I was cutting carrots this morning. The knife I was using wasn’t all that sharp. I wished I had a sharper knife. “Wouldn’t it be good if carrots sharpened knives?” I thought. Truth is, I needed some iron to sharpen my knife. This is a pretty basic biblical principle. That is, “Iron sharpens iron, and one man sharpens another.” (Prov 27:17)
But this article is not so much about iron as it is about men. I believe we have forgotten Paul’s exhortation in Titus 2:3-5 which says, “[Older women] are to teach what is good, and so train the young women to love their husbands and children, to be self-controlled, pure, working at home, kind, and submissive to their own husbands, that the word of God may not be reviled.”

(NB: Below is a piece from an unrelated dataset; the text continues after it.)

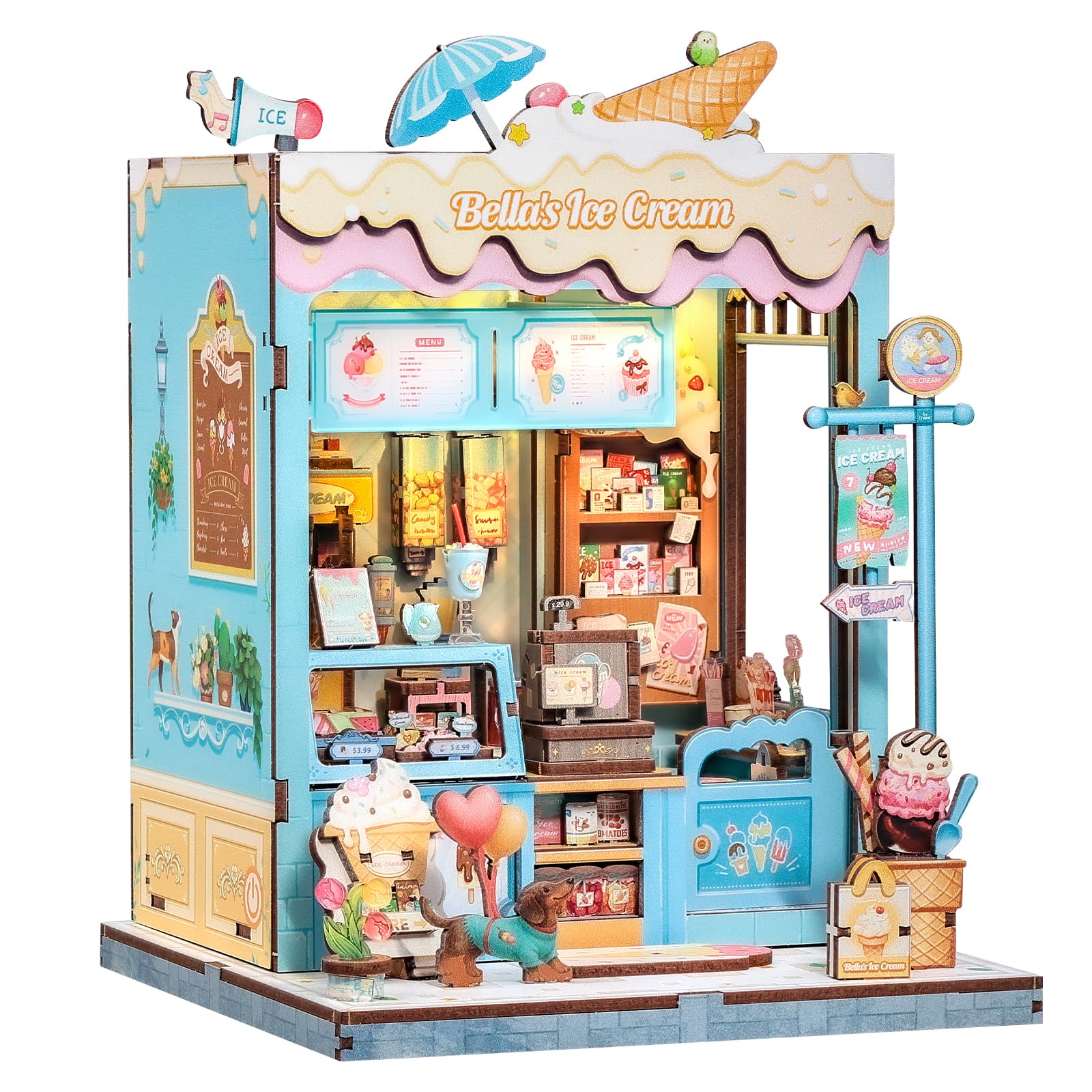 Cutefun Book Nook Kit - Mini Case delle bambole con Luci LED - Modellino Fai da Te per Decorare Librerie - Idea Regalo Unica per Appassionate di Puzzle(Bella‘s Ice Cream)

When we do one-on-ones, our mentors are usually other men or women of the same age. And while they are godly people, they often have little idea about the next step in life. I myself am guilty of this and have recently been convicted. I do two one-on-one’s (when one person meets with another person) every week with a woman a year younger, and one a year older. We study the Bible together and talk about the things going on in our lives.

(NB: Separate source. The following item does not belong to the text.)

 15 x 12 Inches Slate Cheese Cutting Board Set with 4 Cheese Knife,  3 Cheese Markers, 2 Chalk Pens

While we try to mentor each other, the truth is, we sometimes have very little clue of the wise answer to give. For instance, both the girls I see have never been engaged or married. Therefore, they have never talked about the relationship they have with their in-laws (something I would like some advice on from time-to-time). They have never had a house of their own. Or had to submit to a man, despite thinking (wrongly or rightly) he was going the wrong direction.
While I love these girls greatly, I don’t get particularly helpful advice on these types of issues (despite them both having studied in a theological capacity for quite some time). I do, however, get this type of advice from my mother, my mother’s friends and other older women in the church. Of course, this is exactly what Titus 2 is getting at!
Wouldn’t it be fantastic if an older woman in your congregation offered to meet up with a younger woman once a fortnight? What if an older man suggested to a younger they go kayaking once a month? The older could teach the younger how to love their wife/husband (I know this is a hard issue – even for a young girl or boy trained in the Bible their whole lives), how to be self-controlled, pure, how to work at home well, how to be kind and submissive. All this is so the servants of God are not seen as hypocrites, and God’s Word is not reviled.
Ok. So I know I go on about it. But I think it’s a really important issue to get straightened out. That is, we simply do not value the wise teachings of older people.
In light of this I would like to ask two questions:
To the older woman: Are you mentoring a younger person? If not, why not offer your services and shout a young lady a coffee every fortnight.
To the younger woman: Are you being mentored? If not, why not ask an older lady whom you respect to mentor you.